These results were usually cast as showing how people are irrational and generally bad at making decisions. I had always been interested in public policy and improving decisions, and I realized that we could flip that framing for positive ends: instead of exposing people as bad decision‑makers by showing they were inconsistent, maybe we could make them better decision‑makers by exploiting these inconsistencies. By changing how their choices were posed, we might help them make better decisions.
About this time, I was at the Wharton School of the University of Pennsylvania, organizing a team studying insurance decisions. We noticed that Pennsylvania and New Jersey were about to introduce new, less expensive types of auto insurance. Each state required insurance firms to use a different choice architecture to present the auto insurance choices. We predicted, correctly, that because of the way the choices were presented, the new policy would be more popular in New Jersey than in Pennsylvania. We wrote the governors and insurance commissioners of both states and even wrote an op‑ed in a Philadelphia newspaper. Everyone ignored us, but the impact of the choice architecture was massive. The new policy was three times more popular in New Jersey. Because of their choices, Pennsylvanians paid billions of dollars more for auto insurance. Years later, my friend Dan Goldstein and I used the same idea to show that choice architecture made a big difference in whether people agreed to be organ donors.
A few years after that, I was working with a German auto manufacturer, consulting on the choice architecture of its website. On the site, people could pick engines, interiors, colors, and many other options when buying a car.

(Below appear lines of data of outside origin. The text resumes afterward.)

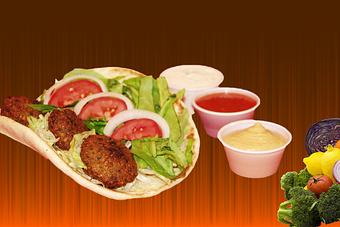 Product: Three falafel balls topped with hummus, Tzatziki sauce, shredded lettuce, pickled red cabbage,onion and tomato served in 7" greek pita. - Shondiz Cafe in Right in front of Hard Rock Cafe - Denver, CO Greek Restaurants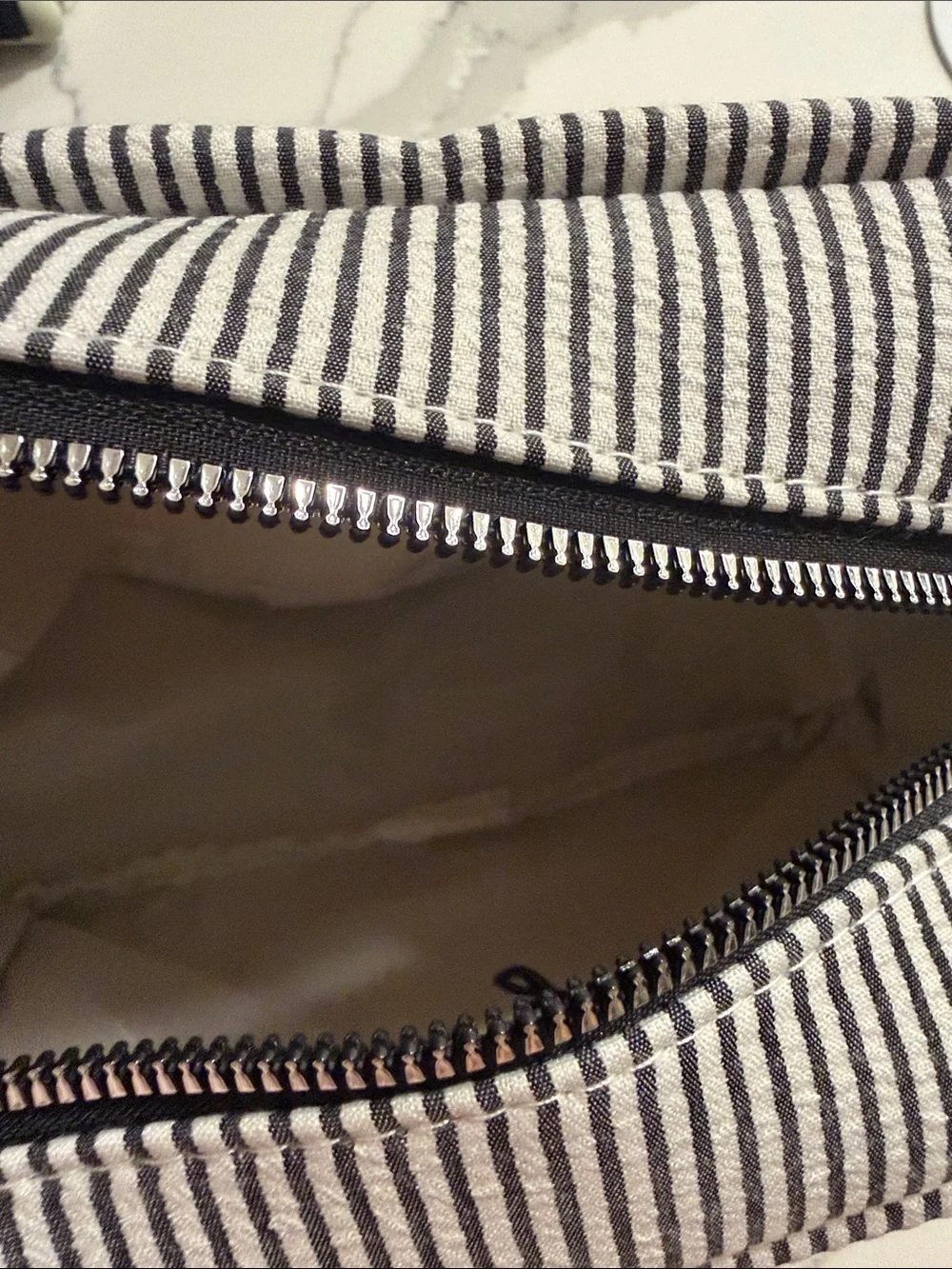 Striped Black and White Makeup Bag with Script Detail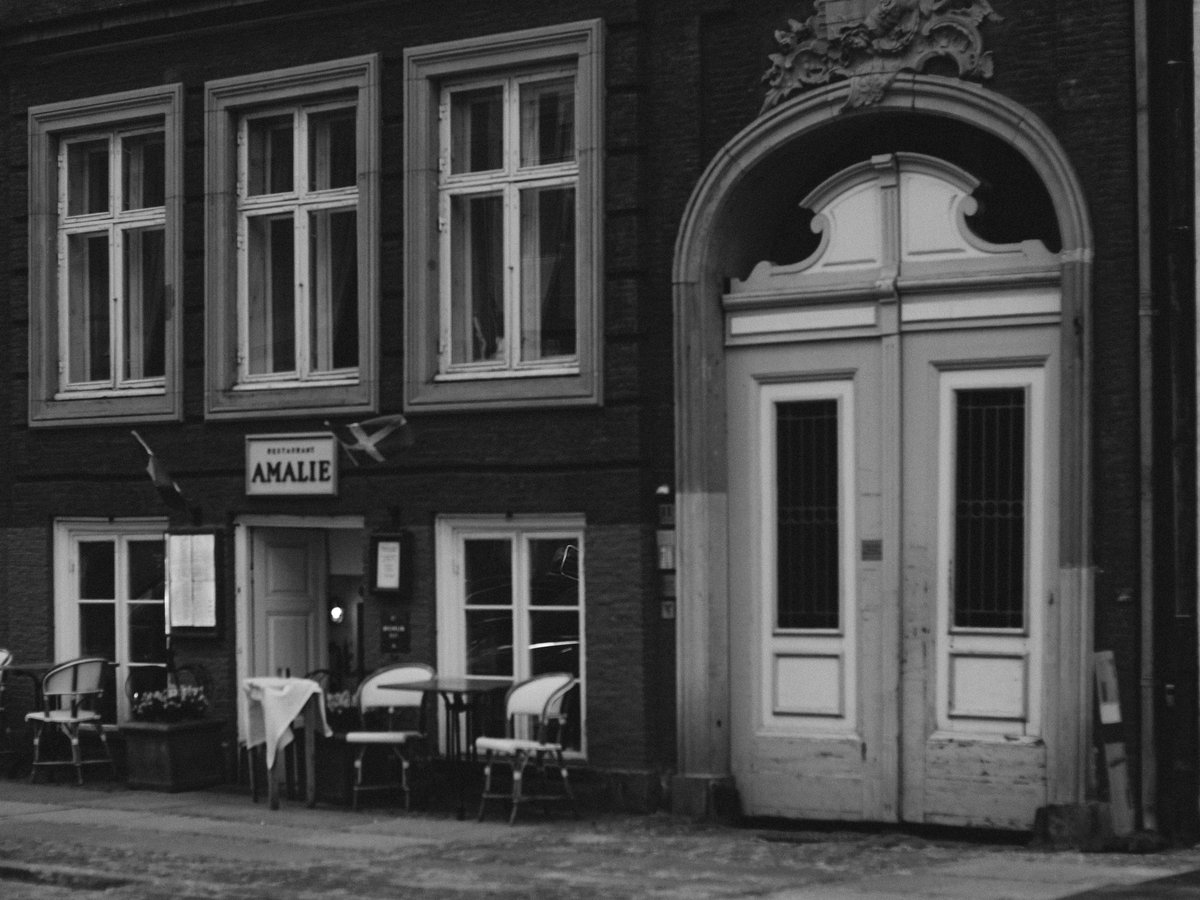 a black and white photo of an old building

But the auto-maker was presenting those options to buyers in a way that was detrimental to everyone involved: the automaker was losing potential revenue by guiding buyers to the cheaper options, and those options didn’t really meet the buyers’ needs or desires. With a few simple changes, we were able to increase the company’s profit and improve customers’ satisfaction with the vehicles they ultimately purchased.
More recently, I was a senior visiting scholar at the newly formed Consumer Financial Protection Bureau, consulting on many issues related to choice architecture. How do you write disclosures for loans and mortgages? How can you display information about a complex product, such as a pre‑paid credit card that has many different fees, given that the card has to fit in a wallet? How can you encourage people to comparison shop? And my favorite: How can you make sure people know what they’re signing up for with overdraft protection, a banking service that pays your bill when you overdraw from your checking account? The bank will often charge something like $35 for each overdraft. Some people want this coverage, but others are incensed when a cup of coffee ends up costing $38 because of an overdraft. How can you make sure that everyone who has the product has made a good and informed decision?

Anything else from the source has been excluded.